A referendum on banning politicians and civil servants from having bank accounts or companies based in tax havens was held in Ecuador on 19 February 2017, alongside general elections. The proposal was approved by voters, giving people one year to transfer their assets. If they do not, they will be removed from their posts.

The question on the ballot was "Do you agree that, for those holding a popularly elected office or for public servants, there should be a prohibition on holding assets or capital, of any nature, in tax havens?"

In preparation for the referendum, the Ecuadorian Internal Revenue Service issued a resolution outlining the criteria for a jurisdiction to be considered a tax haven, establishing two categories: Preferential tax regimes, and low tax jurisdictions.

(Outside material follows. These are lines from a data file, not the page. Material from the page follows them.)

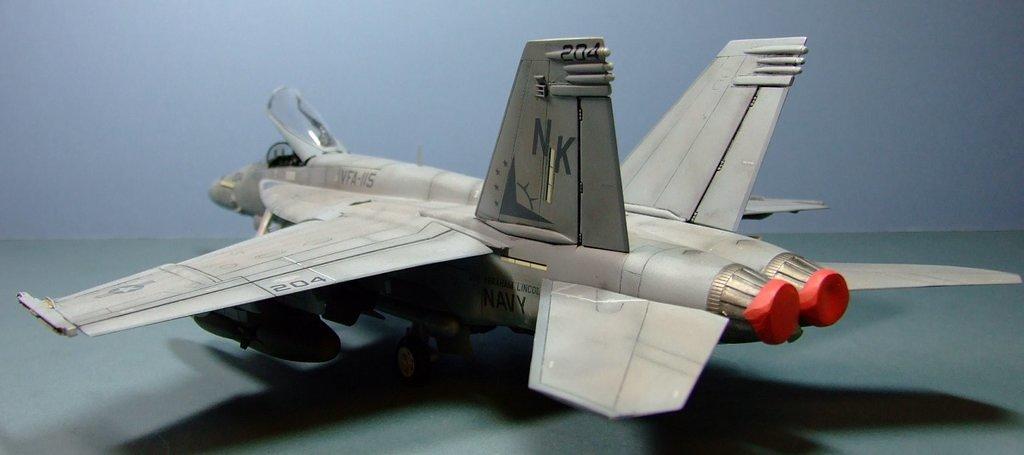 Boeing F/A-18E, Super Hornet, VFA-115, US Navy, 1:48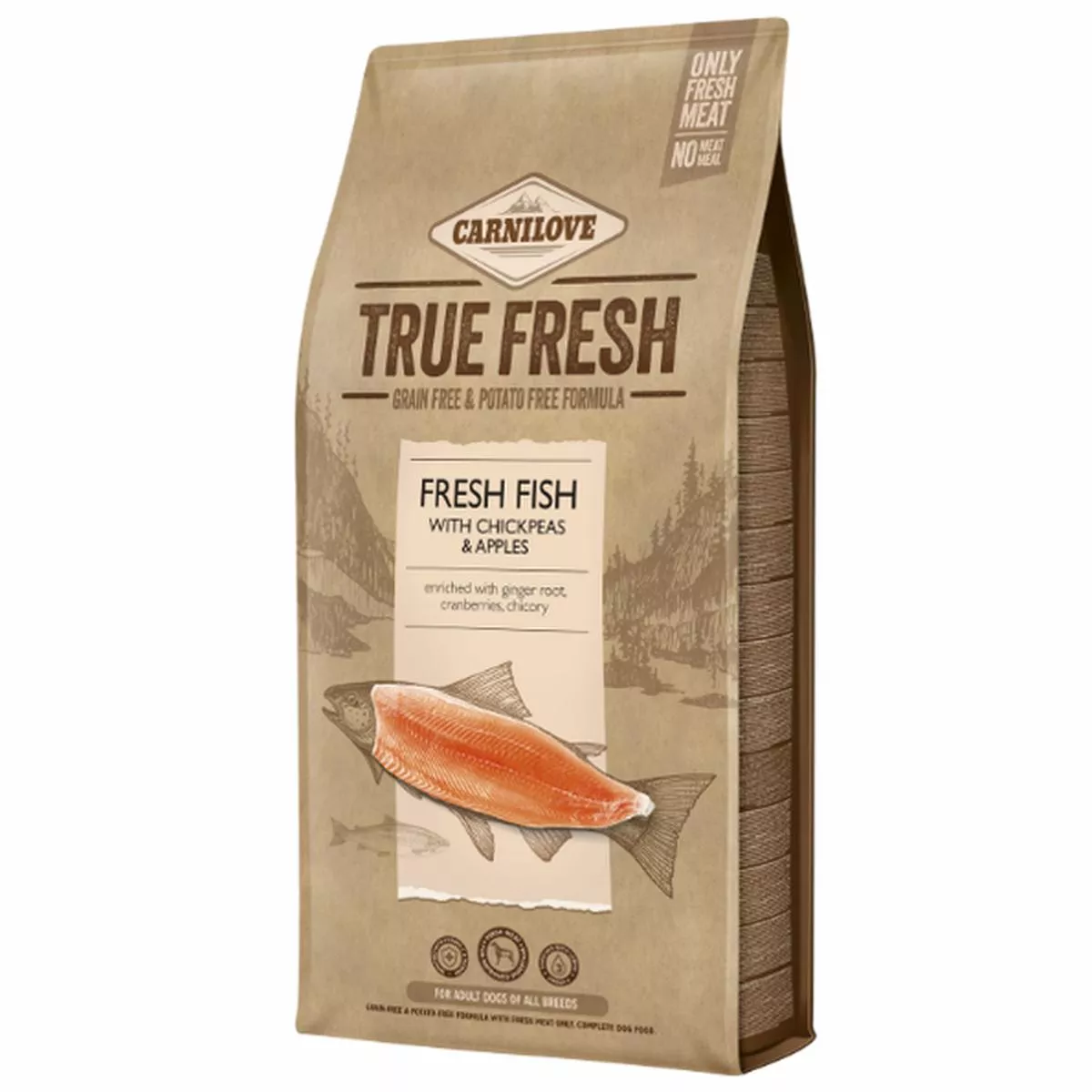 Carnilove Dog – True Fresh Fish 1.4kg
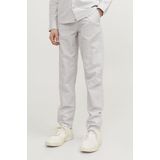 Jack and Jones Junior - Relaxed Fit Broek - Twill - Groen - 44% Katoen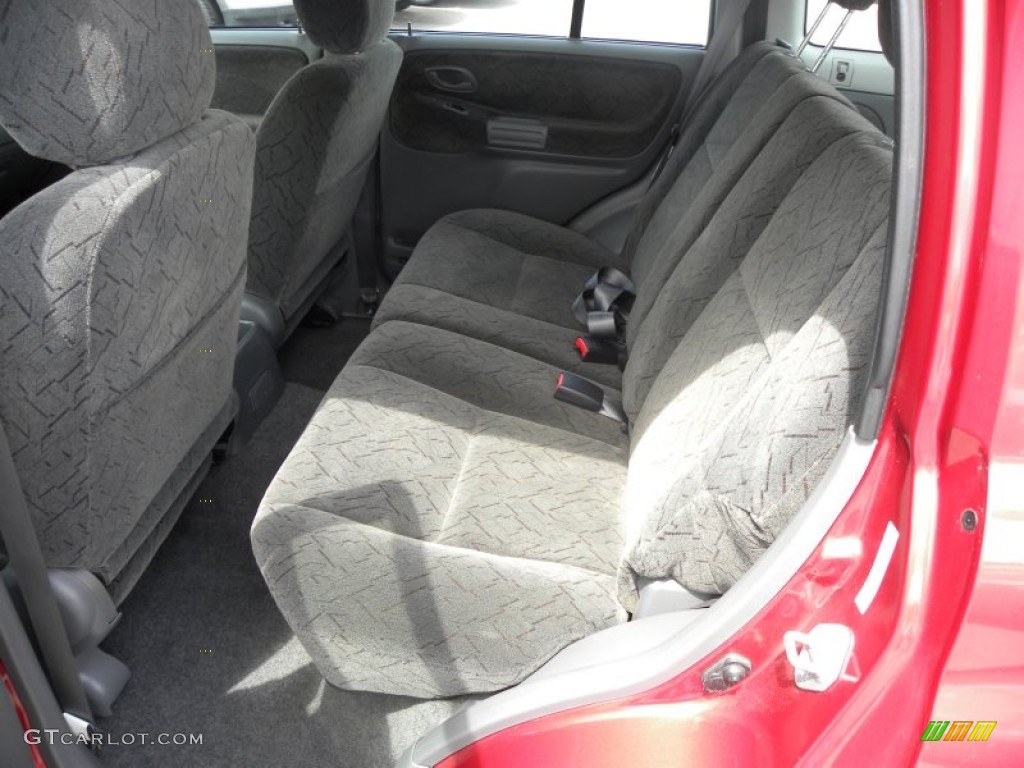 Medium Gray Interior 2001 Chevrolet Tracker LT Hardtop Photo #53389625
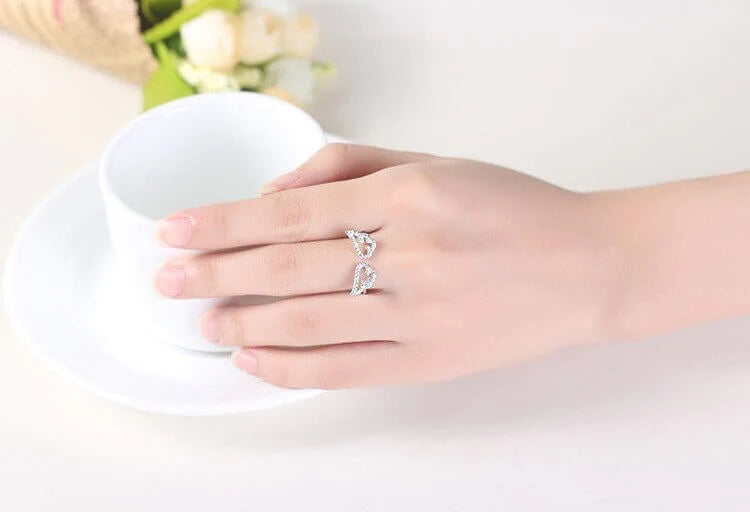 Engel Vleugels Ring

A preferential tax regime was classed as a jurisdiction whose effective tax rate is below 60% in relation to the Ecuadorian corporate income tax (CIT) rate of 13.2%. A low tax jurisdiction was classed as having an effective tax rate below 60% in relation to the Ecuadorian CIT of 13.2% and no substantial economic activity. The IRS may remove a country from their list of tax havens if it reforms its tax policy, if it enforces a treaty to avoid double taxation, including a special information exchange clause, or if its laws do not include banking confidentiality, securities or other regulations that prohibit sharing information with the Ecuadorian IRS.

Along with this definition, the Ecuadorian IRS published a list of countries which currently meet the definition of a tax haven under their law. This list included 28 jurisdictions in the Americas, 19 in Oceania, 16 in Europe, 13 in Asia, 9 in Africa and two other island territories.

Outgoing President Rafael Correa stated that he would campaign in favour of the proposal, having previously stated that tax havens were one of the biggest issues for democracy.